╭──

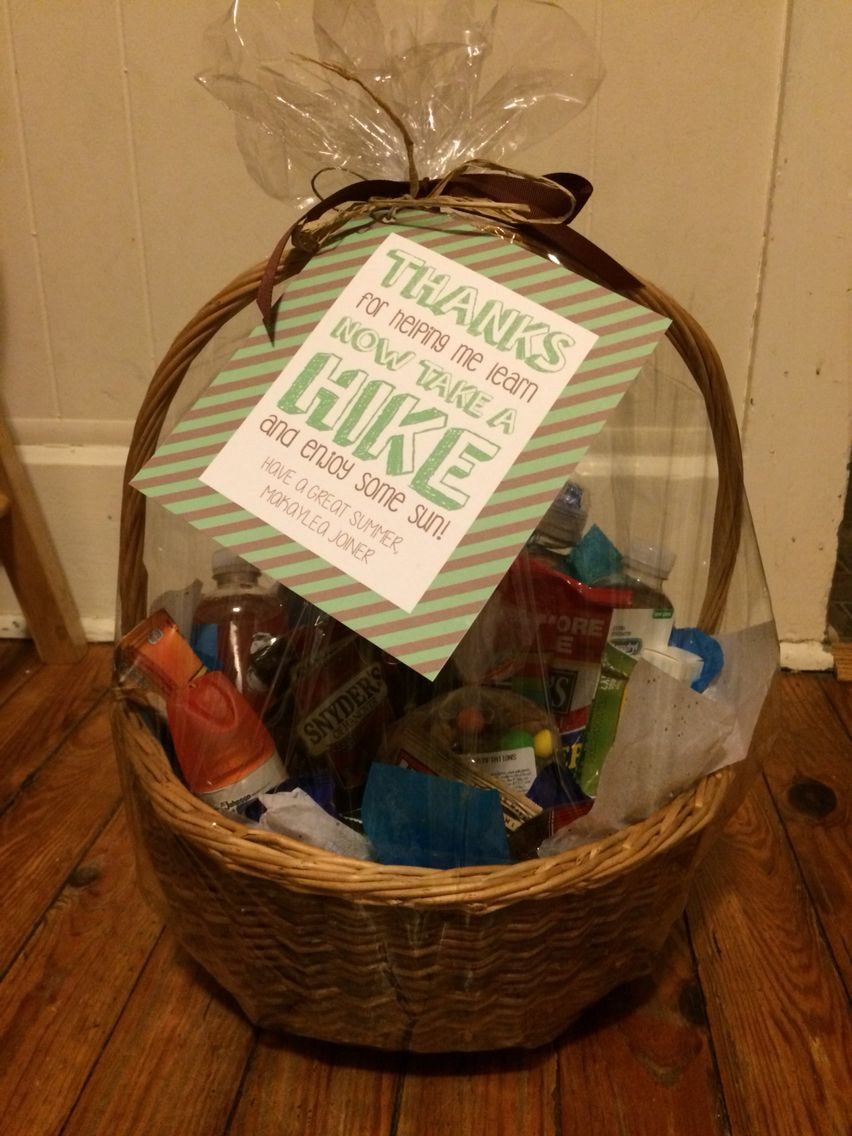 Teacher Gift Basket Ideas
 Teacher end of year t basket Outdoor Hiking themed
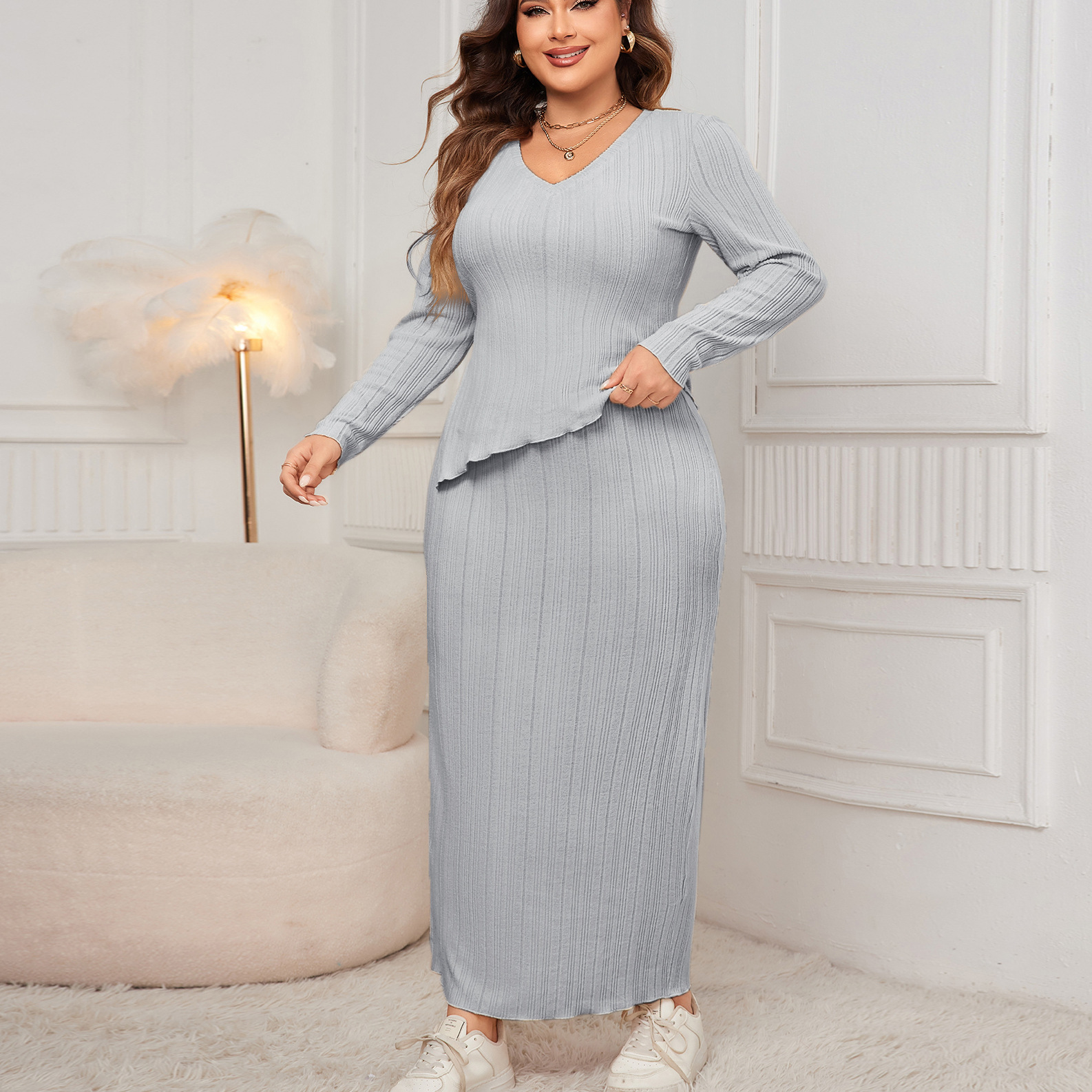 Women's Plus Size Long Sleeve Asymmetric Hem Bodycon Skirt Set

╰──
╭──

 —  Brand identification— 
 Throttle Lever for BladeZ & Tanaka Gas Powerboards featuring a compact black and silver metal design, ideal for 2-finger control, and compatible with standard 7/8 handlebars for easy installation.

╰──

What to produce: Your answer should be the exact lines above from the one containing "Teacher end of" through the one containing "Women's Plus Size", with both end lines kept and the pictures removed, please.

Answer below:
 Teacher end of year t basket Outdoor Hiking themed
 Women's Plus Size Long Sleeve Asymmetric Hem Bodycon Skirt Set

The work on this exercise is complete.